Material aspects of painting are centered in the work of Gabriela Giroletti (b. 1982) and Jo Dennis (b. 1973). Dennis’s multimedia paintings relate to home, shelter, and memory. Discarded military tent fabrics become her painting surfaces, on which she layers oil, acrylic, spray paint, marble dust, drop cloth and yarn, sometimes attaching steel elements. Dennis incorporates found objects and studio waste to address our emotional connection to places, and consider how belonging is connected to places of ruination and dereliction. Giroletti, a Brazilian painter living in London, explores the relationship between the painted image and its material presence. Giroletti builds up surfaces, disrupting the intrinsic weave of the canvas and adding physical elements. She explores how the tactile surface calls for work to be experienced by the whole body, not just the eyes. 

The paintings of Emma Fineman (b. 1991), Nick Jensen (b. 1984), and Patrick H. Jones (b. 1987) all hover in a liminal space between figuration and abstraction. Fineman, an American artist based in London, is concerned with the dense compression of time in our contemporary moment; how we are affected by existing in physical, spiritual, and digital realms all at once. This creates skewed and haphazard perspectives. She explores methods to fracture and reconfigure pictorial space, and the possibilities of figurative painting to both extend and compress time. Fineman’s painting Eurydice literally and metaphorically speaks to themes running through the exhibition: transforming the past to propose new ways forward. Nick Jensen uses phone images as starting points, transforming them into small watercolors before building them up into large canvases. Mixing watercolor and acrylic, with muted palettes and pops of color, they suggest glimpses of a moment, bodies pausing in motion, dissonance in the midst of the everyday. Jones’s paintings depict spectral horse forms which emerge and recede against their grounds. These panels are juxtaposed with small panels depicting a bullseye form. The combination reflects themes of loss and grief, and the relinquishing of control that accompanies these emotions. It signifies the idea that loss often becomes a catalyst for growth. 

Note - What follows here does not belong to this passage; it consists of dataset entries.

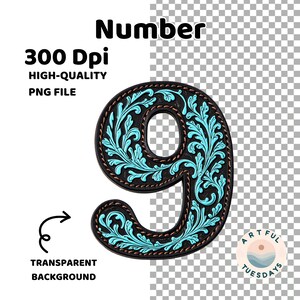 May include: A turquoise blue number nine with a brown leather background and intricate floral designs. The number is surrounded by a brown stitched border.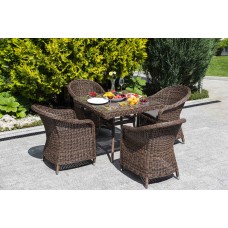  "Фредо" обеденная группа из искусственного ротанга, цвет коричневый FC4T-5-SET brown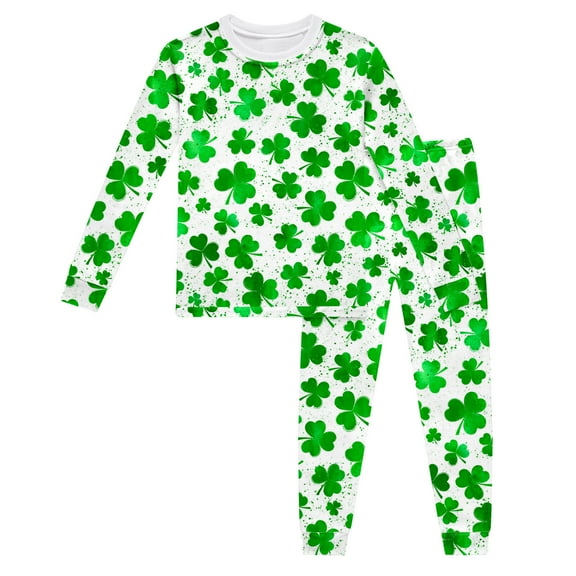 Jamsmile Toddler Girls Pajamas St. Patrick'S Day Long Sleeve Cartoon Tops + Pants Soft Pjs Girls Sleepwear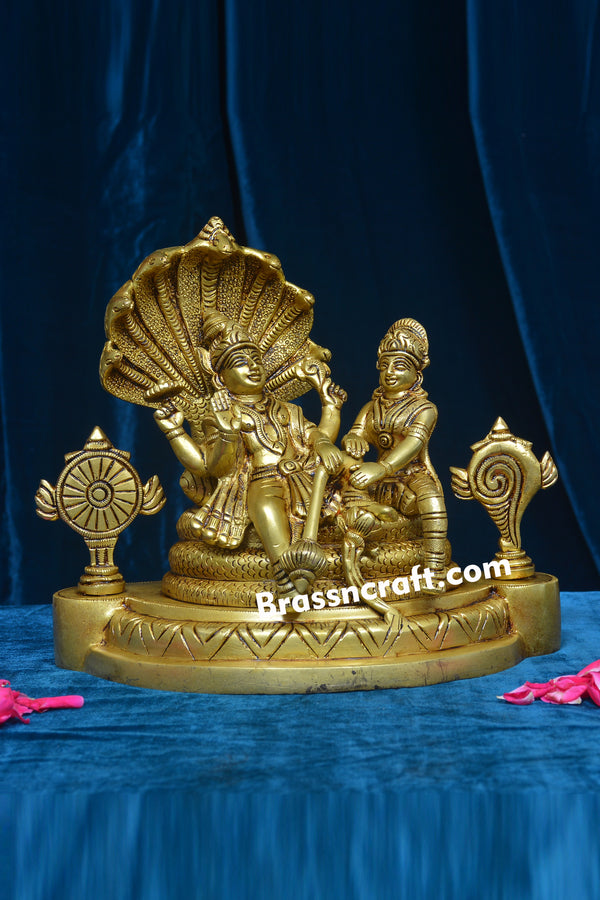 Brass Vishnu Laxmi on Sheshnag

Kathryn Maple (b. 1989) and Ro Robertson (b. 1984) create synergies and unities between the body and the landscape. Maple creates an overall painterly rhythm that unifies and animates her treatment of natural forms, trees, landscapes, figures and buildings. In her painting Runner, the figure is nearly camouflaged into its green and umber environment, discernible through subtle shifts in directional mark-making to create a feeling of motion. Robertson, who exhibits in London but is based in West Cornwall, draws freely and unconsciously en plein air, reflecting the improvisation of the sea and the chance compositions it leaves behind. The drawings resonate with surrealist techniques of automatism and are inspired by the tidal zone of the shoreline, which is submerged at high tide and exposed at low tide – in the artist’s words, “rewriting” the beach twice a day. The drawings appear in flux and between body and landscape.

Together, the work on view acknowledges the rich history of art in the UK, along with the rapidly changing digital landscape, while charting an exciting and diverse path forward in contemporary painting.